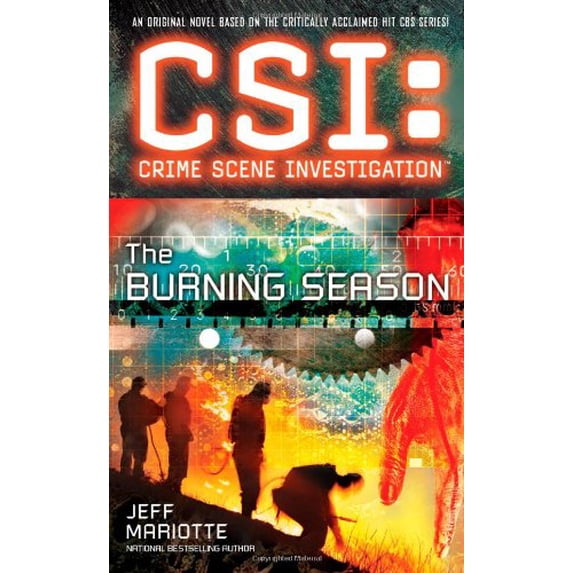 Pre-Owned CSI: Crime Scene Investigation: The Burning Season (Unknown) 1439160872 9781439160879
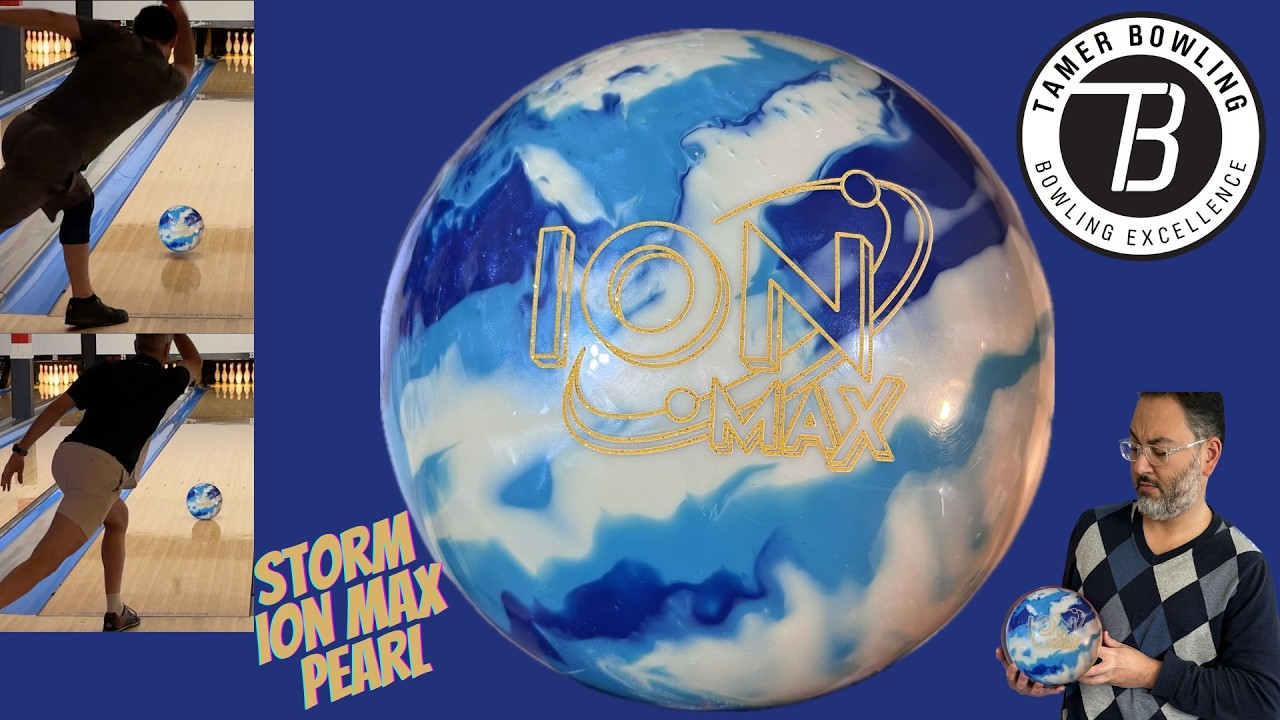 Storm Ion Max Pearl vs Roto Grip RST Hyperdrive Pearl - 3 Testers - The NEW SHINY ASYM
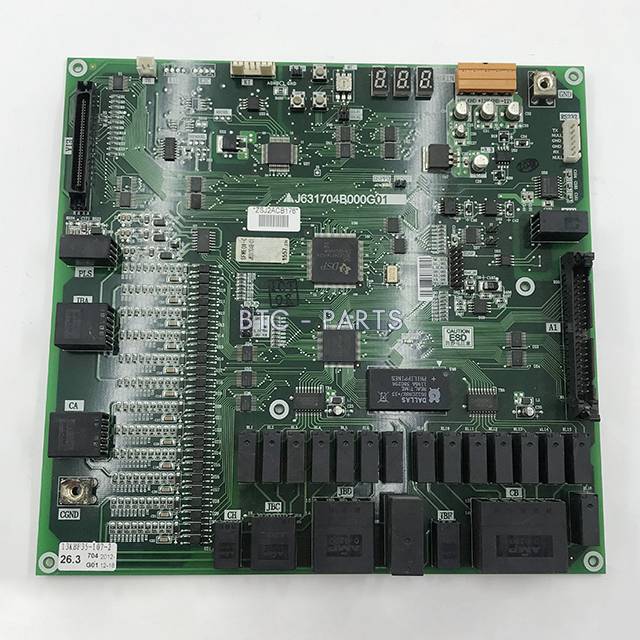 Escalator PCB Board J631704B000G04 Use For Mitsubishi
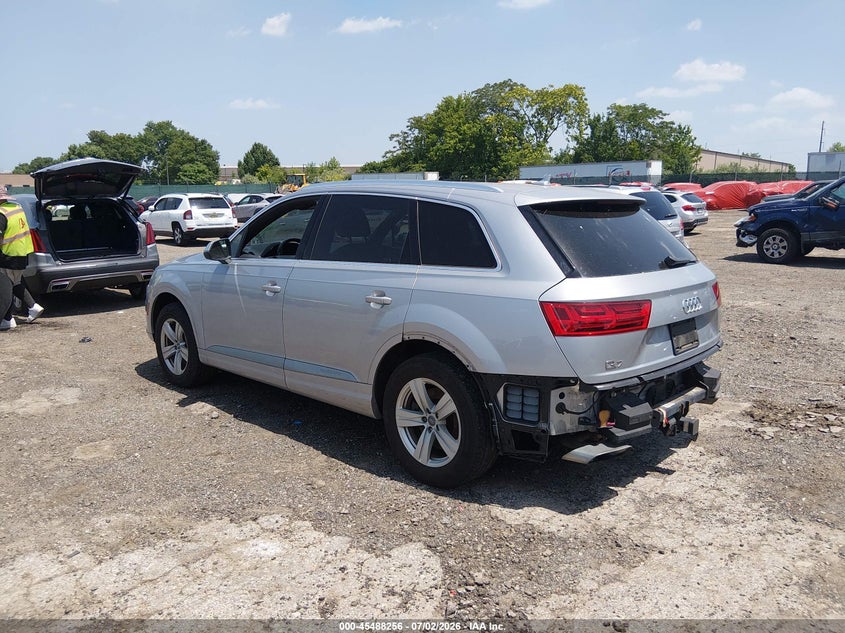 Vin: wa1lhaf73hd040362, lot: 45986453, audi q7 2.0t premium 20173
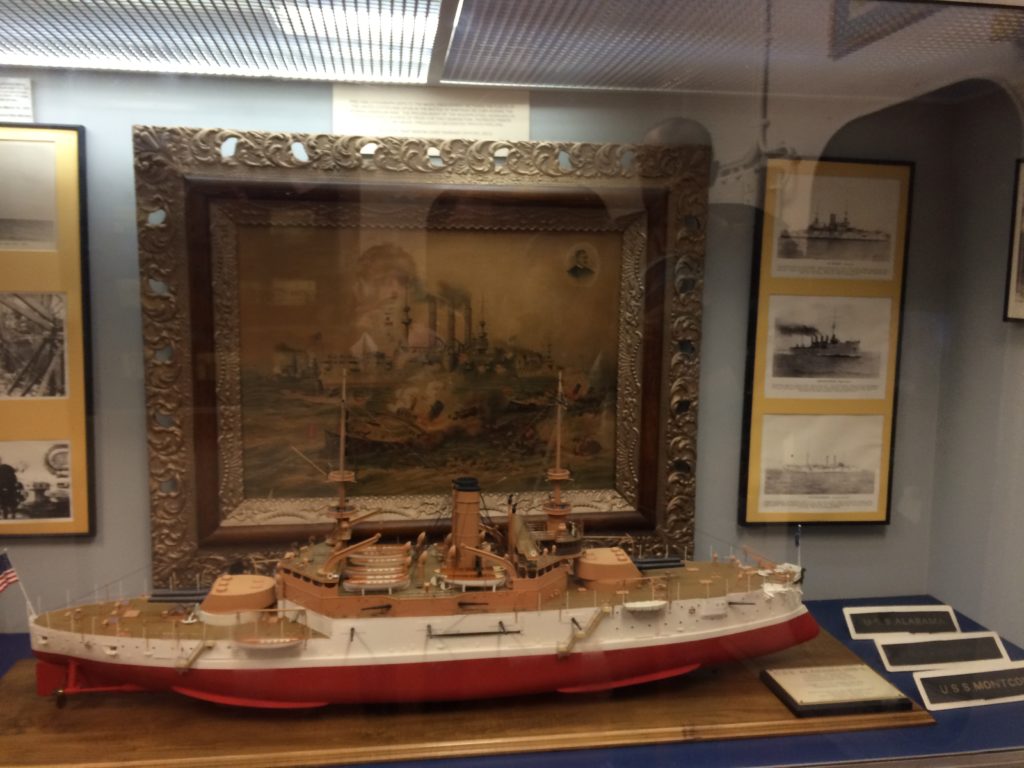 USS Batlleship Mobile, Alabama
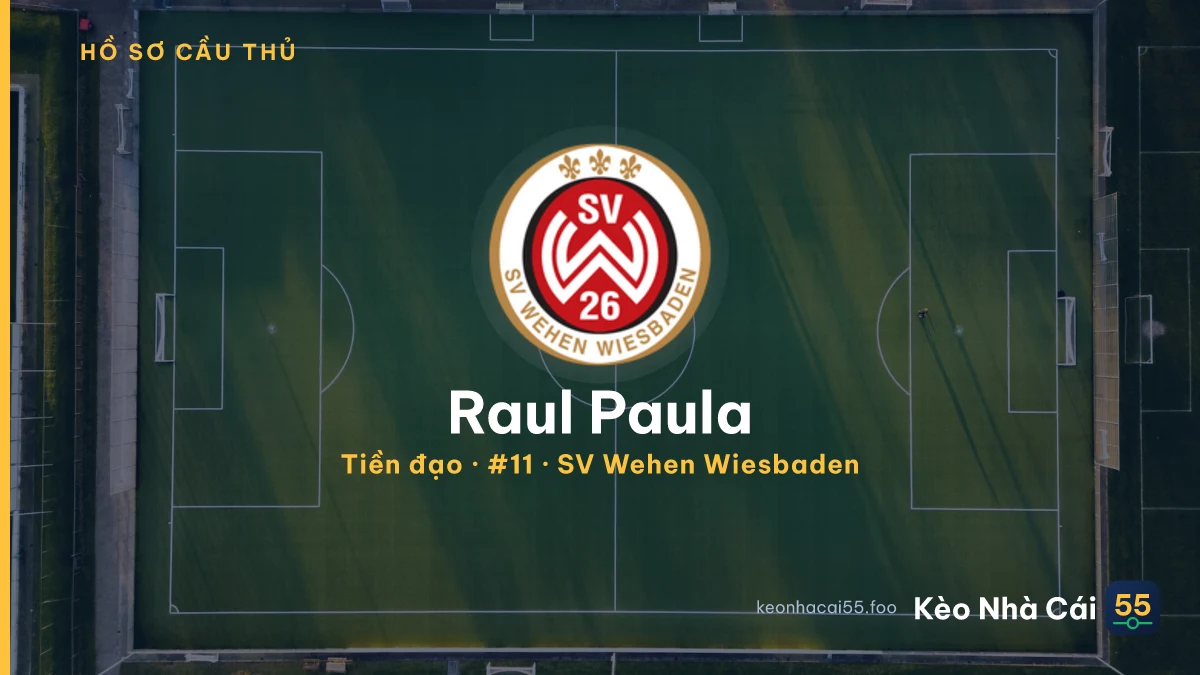 Raul Paula — SV Wehen Wiesbaden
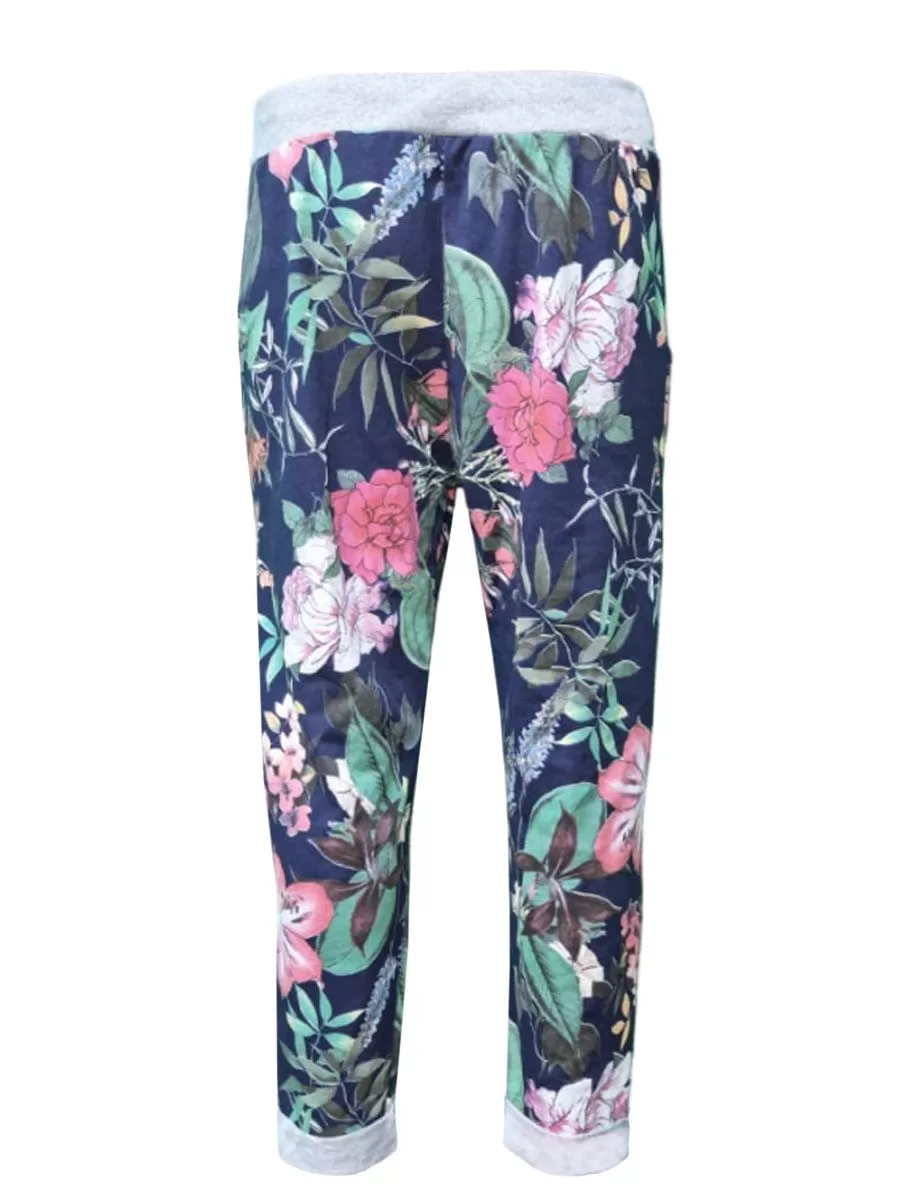 Anne   Kate Italian Rimini Floral Pants 10-12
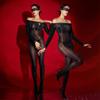 2024 Sexy Lingerie Set Bez Svlékání: Lesklá sukně na boky velkých rozměrů a lákavé pyžamo-uniforma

..............................

◆ WHAT TO WORK ON: Starting at the line that contains "Floral Pants 10-12", write out every line through the end of the entries above exactly, and omit the pictures.

◆ EXERCISE RESULT:
 Anne   Kate Italian Rimini Floral Pants 10-12
 2024 Sexy Lingerie Set Bez Svlékání: Lesklá sukně na boky velkých rozměrů a lákavé pyžamo-uniforma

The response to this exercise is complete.